Motion to vacate and set aside subpoena duces tecum is granted. This subpoena was procured upon a petition of Samuel Lloyd, a member of the Bar of this State, in connection with the execution of a commission conducted before one William Newrock, a commissioner appointed by the Superior Court of California, Los Angeles County. At the examination before the commissioner the California litigants were represented by California attorneys who conducted the examination on behalf of the respective parties and the cross-examination.
There were present also, New York lawyers who sat by, or "attended", as it is sometimes expressed. Such attending attorneys have no official standing and are present merely to offer suggestions. One of them was said Lloyd, who, in applying for the subpoena now sought to be vacated and set aside alleged he was retained "to attend" at the examination. Assume that he was, his appearance was a limited one and ended there.
I am unaware of any authority which gives such a person a right to apply for such process as was obtained here. Said Lloyd does not allege he was authorized to make the application for the subpoena by or on behalf of the contestants, and since he is not the attorney of record for any of the parties there is no presumption of authority for him to do so. So far as the record discloses his status is that of a stranger, and hence he was not qualified to make the petition or the application for the subpoena.

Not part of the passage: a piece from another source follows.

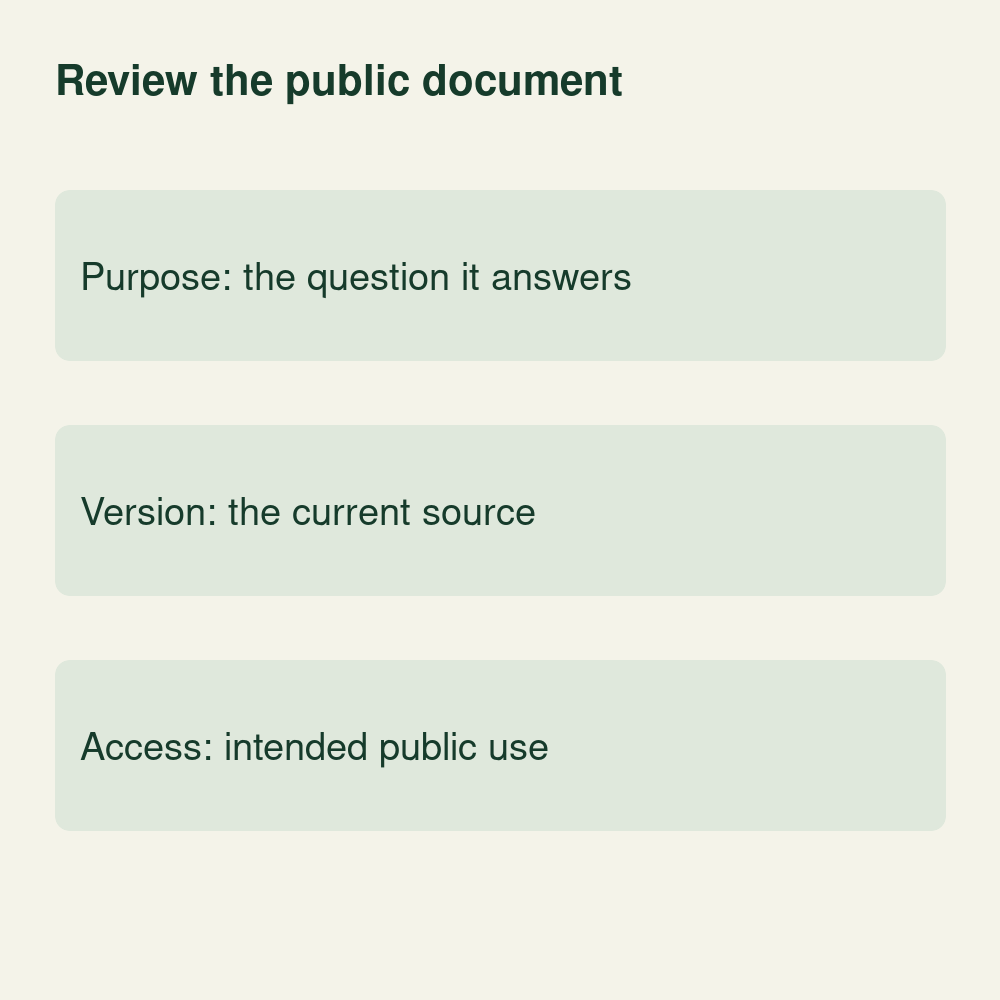 Conceptual document review checking the question it answers, the current source version and whether public access is intended.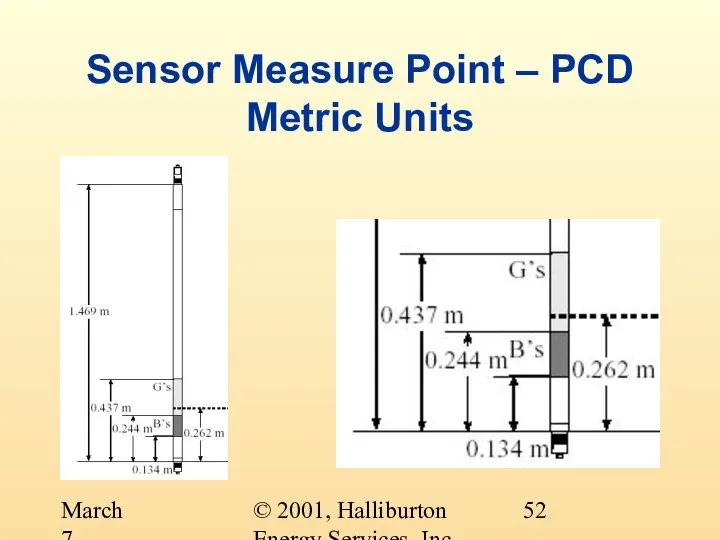 © 2001, Halliburton Energy Services, Inc. March 7, 2001 Sensor Measure Point – PCD Metric Units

Assuming, arguendo, Lloyd was authorized to make the petition and application, there are other reasons why the subpoena must be vacated and set aside.
The commission issued and the examination was procured on application of the proponent of the will. It does not appear that the contestants obtained any order or commission to examine as to their branch of the case. Even if they had, the subpoena does not fix any limitation with respect to time as to the records to be produced. An unlimited requirement is improper. In the situation disclosed the court is also satisfied that the subpoena was not sought or served in good faith. The affidavit or petition upon which the subpoena was applied for and obtained is defective. For one thing it is not made by a person having knowledge of the facts nor any reason given why such person had not made the application. Nor is it shown that the testimony and records sought are material and relevant. There is but the conclusory allegation that same is material "as petitioner is informed and verily believes." This is meaningless.

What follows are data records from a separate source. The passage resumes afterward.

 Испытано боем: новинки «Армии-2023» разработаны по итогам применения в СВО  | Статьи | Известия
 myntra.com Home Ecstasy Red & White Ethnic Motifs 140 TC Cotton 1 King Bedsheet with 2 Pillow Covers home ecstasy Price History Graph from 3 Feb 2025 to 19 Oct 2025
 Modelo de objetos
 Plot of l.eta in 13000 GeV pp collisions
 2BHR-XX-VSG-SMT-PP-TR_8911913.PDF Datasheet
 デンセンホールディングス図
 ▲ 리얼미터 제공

If an order or subpoena issued upon such an allegation in an examination before trial, it would be ground for vacatur, and no reason manifests itself why a different rule should obtain here, merely because the examination is upon a commission issued with respect to litigation in another jurisdiction. Witnesses in this jurisdiction are entitled to the same consideration and protection against unauthorized examination or improper production of records, in either instance. There is no reason to create artificial exception.

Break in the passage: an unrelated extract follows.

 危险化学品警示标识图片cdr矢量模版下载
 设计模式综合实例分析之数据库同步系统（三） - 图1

The movant is properly before the court. He has been subpoenaed and has a right to apply for vacatur or quashing of the subpoena. He is a party directly affected by the process obtained and served upon him. He is not required to be a party to the action or proceeding in order to make the instant application, nor is he obligated to rely on the proponent of the will or upon a party to the action to make such application. Any party affected by the process of the court or its mandate may apply to the court for its modification, vacatur, quashing or other relief he feels he is entitled to receive.
In view of what has been stated ( supra) necessitating vacatur of the subpoena, it becomes unnecessary at this time, to pass upon the question of privilege.
The motion is granted and the subpoena duces tecum is vacated and set aside. Settle order.